Take the data below and extract the lines from the one with "Tre-in-uno Scacchi In" to the one with "汽车纸巾盒垃圾桶二合一车载纸袋车用抽纸挂袋扶手箱可爱卡皮巴拉", inclusive, exactly as written.

=-=-=-=-=

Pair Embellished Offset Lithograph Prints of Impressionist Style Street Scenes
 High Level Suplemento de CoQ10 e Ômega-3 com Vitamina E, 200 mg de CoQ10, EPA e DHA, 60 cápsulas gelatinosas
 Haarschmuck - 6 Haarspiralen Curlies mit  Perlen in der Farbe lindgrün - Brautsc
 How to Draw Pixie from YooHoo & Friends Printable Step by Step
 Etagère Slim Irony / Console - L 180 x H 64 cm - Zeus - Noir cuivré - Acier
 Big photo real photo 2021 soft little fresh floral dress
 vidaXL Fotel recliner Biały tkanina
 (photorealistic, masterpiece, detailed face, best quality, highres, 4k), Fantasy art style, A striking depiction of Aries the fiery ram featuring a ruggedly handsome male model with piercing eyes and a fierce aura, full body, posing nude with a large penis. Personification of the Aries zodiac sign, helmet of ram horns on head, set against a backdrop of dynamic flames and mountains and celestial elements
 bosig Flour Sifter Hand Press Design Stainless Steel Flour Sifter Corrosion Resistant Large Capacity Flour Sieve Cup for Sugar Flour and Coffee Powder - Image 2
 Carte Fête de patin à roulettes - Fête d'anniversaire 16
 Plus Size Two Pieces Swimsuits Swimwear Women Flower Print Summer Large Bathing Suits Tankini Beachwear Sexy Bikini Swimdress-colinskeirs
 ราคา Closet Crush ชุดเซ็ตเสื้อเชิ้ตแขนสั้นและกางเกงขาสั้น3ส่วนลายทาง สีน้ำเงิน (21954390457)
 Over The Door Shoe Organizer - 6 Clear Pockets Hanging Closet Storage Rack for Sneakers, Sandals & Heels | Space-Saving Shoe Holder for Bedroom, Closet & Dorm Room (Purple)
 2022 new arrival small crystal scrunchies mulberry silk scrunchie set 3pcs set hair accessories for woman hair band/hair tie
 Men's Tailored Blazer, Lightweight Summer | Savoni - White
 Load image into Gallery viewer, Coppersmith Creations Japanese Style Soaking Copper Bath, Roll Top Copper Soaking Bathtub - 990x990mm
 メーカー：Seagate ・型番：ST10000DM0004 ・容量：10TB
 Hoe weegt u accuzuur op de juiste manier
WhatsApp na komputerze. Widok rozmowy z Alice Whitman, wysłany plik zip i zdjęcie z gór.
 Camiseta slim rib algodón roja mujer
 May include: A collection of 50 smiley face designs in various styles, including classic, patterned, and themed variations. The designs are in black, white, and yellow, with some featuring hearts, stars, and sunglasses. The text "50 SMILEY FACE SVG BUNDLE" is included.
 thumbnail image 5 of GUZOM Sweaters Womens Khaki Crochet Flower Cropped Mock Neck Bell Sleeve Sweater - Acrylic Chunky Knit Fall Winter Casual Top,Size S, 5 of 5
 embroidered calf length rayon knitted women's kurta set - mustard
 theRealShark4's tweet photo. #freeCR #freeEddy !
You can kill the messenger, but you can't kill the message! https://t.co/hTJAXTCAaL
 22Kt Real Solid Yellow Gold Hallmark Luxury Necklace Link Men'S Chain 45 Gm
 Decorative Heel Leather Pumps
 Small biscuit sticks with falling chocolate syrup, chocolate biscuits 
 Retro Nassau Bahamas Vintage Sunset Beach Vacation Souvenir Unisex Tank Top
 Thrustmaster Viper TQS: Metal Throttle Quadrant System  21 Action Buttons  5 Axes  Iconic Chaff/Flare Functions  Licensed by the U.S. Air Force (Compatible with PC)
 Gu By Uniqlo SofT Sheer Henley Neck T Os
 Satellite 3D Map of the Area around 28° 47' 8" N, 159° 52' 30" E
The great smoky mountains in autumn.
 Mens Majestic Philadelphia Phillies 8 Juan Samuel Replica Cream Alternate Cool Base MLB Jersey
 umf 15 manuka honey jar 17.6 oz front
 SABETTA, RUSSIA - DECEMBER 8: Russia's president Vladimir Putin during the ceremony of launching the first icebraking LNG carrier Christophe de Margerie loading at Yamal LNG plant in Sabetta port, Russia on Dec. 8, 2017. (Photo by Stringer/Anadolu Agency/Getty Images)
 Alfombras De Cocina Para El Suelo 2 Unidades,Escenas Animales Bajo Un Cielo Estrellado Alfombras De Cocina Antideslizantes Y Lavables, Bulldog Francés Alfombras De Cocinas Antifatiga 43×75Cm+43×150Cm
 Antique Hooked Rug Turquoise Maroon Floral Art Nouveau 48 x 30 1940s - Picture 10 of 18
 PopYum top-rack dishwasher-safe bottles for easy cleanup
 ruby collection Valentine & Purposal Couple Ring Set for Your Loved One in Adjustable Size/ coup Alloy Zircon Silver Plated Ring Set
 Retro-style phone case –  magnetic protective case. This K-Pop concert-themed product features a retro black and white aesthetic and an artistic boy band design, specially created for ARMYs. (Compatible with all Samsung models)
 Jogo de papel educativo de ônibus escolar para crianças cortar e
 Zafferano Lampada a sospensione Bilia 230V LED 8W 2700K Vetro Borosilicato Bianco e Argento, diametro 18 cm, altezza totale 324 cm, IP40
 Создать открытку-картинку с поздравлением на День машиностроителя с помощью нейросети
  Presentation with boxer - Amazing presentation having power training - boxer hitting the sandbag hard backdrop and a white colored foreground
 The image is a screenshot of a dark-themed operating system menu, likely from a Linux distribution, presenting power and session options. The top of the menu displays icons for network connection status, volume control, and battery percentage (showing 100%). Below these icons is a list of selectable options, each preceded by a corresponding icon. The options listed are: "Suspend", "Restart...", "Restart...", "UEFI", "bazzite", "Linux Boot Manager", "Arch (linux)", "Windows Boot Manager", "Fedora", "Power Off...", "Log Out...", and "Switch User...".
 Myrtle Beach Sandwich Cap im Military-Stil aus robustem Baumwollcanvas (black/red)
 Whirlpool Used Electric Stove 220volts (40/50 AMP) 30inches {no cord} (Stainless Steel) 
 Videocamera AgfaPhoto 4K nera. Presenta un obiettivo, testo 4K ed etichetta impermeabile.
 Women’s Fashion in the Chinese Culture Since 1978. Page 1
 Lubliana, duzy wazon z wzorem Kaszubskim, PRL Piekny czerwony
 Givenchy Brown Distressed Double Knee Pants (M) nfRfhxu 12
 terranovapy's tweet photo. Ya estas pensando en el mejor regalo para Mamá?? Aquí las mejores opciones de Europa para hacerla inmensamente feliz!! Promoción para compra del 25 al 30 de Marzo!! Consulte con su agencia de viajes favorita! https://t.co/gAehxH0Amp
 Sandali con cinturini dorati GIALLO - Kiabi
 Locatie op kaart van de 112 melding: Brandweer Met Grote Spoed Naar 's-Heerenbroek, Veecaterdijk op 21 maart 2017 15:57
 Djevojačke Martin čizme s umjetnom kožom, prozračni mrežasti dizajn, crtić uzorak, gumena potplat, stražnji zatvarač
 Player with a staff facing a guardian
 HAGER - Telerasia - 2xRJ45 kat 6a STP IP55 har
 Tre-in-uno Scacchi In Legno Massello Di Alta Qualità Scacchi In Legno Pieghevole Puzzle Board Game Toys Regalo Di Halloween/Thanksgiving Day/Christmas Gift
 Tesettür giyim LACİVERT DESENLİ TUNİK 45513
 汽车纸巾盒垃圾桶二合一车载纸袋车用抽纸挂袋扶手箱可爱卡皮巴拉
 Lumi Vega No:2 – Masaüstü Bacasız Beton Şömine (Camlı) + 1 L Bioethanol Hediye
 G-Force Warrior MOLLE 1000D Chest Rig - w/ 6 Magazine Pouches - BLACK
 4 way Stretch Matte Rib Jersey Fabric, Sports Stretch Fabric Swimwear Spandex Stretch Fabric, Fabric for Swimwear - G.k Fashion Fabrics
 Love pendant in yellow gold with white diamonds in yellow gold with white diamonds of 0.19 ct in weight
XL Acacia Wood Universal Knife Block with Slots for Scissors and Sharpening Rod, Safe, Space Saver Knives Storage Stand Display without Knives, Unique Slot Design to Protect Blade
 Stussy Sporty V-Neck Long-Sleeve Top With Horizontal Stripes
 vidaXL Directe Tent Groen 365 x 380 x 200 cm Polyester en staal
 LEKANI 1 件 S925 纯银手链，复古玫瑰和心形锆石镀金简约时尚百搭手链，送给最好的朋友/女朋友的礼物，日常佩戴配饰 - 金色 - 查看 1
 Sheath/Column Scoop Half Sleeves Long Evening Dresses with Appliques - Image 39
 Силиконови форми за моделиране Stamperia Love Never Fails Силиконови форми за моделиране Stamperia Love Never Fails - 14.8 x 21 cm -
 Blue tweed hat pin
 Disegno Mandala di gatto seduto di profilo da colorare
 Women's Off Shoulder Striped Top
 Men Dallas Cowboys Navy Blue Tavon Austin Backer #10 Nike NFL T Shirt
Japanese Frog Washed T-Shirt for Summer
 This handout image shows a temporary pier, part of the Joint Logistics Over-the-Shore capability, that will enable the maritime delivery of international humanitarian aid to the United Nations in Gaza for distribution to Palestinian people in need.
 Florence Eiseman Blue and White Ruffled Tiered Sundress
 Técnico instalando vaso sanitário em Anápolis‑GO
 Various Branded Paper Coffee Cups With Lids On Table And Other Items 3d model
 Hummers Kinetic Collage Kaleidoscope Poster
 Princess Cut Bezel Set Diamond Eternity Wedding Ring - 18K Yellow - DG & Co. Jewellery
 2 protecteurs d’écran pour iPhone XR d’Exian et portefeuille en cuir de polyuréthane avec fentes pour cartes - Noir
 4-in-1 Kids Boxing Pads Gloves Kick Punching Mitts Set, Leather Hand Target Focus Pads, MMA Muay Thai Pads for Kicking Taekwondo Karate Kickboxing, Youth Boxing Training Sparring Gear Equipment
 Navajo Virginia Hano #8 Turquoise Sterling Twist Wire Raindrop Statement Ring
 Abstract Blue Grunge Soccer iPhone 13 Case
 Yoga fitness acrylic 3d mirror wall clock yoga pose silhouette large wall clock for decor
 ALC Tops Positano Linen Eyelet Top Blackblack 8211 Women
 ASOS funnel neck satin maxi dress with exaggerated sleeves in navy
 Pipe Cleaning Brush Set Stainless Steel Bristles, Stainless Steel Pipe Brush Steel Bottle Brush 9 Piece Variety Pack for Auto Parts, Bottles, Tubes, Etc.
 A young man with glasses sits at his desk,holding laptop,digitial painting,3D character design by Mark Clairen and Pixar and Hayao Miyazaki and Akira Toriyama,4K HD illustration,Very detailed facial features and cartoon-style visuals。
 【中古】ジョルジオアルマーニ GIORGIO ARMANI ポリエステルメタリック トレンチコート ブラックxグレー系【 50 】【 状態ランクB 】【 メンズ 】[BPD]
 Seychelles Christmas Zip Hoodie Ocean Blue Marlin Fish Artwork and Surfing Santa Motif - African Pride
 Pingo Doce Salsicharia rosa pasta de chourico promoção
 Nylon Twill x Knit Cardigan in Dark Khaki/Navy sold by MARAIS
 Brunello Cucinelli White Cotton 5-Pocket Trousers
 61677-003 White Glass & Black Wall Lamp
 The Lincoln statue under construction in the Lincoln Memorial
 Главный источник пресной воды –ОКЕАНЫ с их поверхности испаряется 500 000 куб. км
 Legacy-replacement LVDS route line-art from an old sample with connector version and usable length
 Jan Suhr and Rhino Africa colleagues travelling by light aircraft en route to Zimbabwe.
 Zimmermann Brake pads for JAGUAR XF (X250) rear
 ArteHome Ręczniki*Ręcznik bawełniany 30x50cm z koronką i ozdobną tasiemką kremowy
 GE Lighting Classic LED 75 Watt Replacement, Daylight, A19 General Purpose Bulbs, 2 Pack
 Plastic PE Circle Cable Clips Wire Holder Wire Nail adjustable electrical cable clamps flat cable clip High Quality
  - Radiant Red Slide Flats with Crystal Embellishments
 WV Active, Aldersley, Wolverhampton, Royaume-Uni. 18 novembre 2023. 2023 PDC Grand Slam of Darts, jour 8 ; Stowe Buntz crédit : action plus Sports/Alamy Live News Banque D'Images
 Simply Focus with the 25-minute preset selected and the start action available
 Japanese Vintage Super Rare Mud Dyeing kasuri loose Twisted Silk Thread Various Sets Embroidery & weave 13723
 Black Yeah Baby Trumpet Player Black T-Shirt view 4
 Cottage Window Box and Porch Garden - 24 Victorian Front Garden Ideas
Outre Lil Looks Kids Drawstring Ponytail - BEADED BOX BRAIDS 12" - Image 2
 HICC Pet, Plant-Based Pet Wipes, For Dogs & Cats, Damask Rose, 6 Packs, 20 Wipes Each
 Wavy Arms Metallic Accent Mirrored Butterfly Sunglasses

=-=-=-=-=

(Answer to the problem):
 Tre-in-uno Scacchi In Legno Massello Di Alta Qualità Scacchi In Legno Pieghevole Puzzle Board Game Toys Regalo Di Halloween/Thanksgiving Day/Christmas Gift
 Tesettür giyim LACİVERT DESENLİ TUNİK 45513
 汽车纸巾盒垃圾桶二合一车载纸袋车用抽纸挂袋扶手箱可爱卡皮巴拉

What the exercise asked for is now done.